Season 11 Episode 10

In this episode, Charles and James explore a problem where you must choose the best possible dorm room without being allowed to go back to one you've previously seen.

Watch on YouTube

Further Reading

Secretary Problem

Charles was inspired by this Veritasium video from a couple of years ago about the number 37; Why is this number everywhere? | Veritasium | YouTube

Ria Symonds did some similar mathematics on Numberphile back in 2014 with a bit of a different theme!  Mathematical Way to Choose a Toilet | Numberphile | YouTube

This problem is also in Hannah Fry’s Mathematics of Love. TED talk here; The mathematics of love | Hannah Fry | TED | YouTube or read the write-up or get the book.

Sums and integrals

I’d like to try and give more information about the step where Charlies approximated a sum with an integral.

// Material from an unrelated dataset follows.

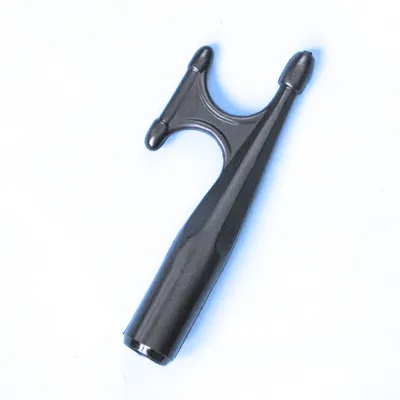 Produktbild von Nuova Rade Hook 25 mm Segelzubehör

To start with, let’s think about the sum of the reciprocals of the first \(n\) numbers;

$$\frac{1}{1}+\frac{1}{2}+\frac{1}{3}+\dots+\frac{1}{n-1}+\frac{1}{n}.$$

Perhaps you’ve seen this sum before as an example of a sum where each new term that’s added is smaller and smaller, but where the sum overall steadily gets larger without bound (it does not tend to any finite value; if you have enough terms you can make it as large as you like). This is sometimes shown to people just after they’ve seen a geometric series, in case you think that “terms getting smaller = this sum will tend a finite value". That’s not true, and we can prove it with the sum above.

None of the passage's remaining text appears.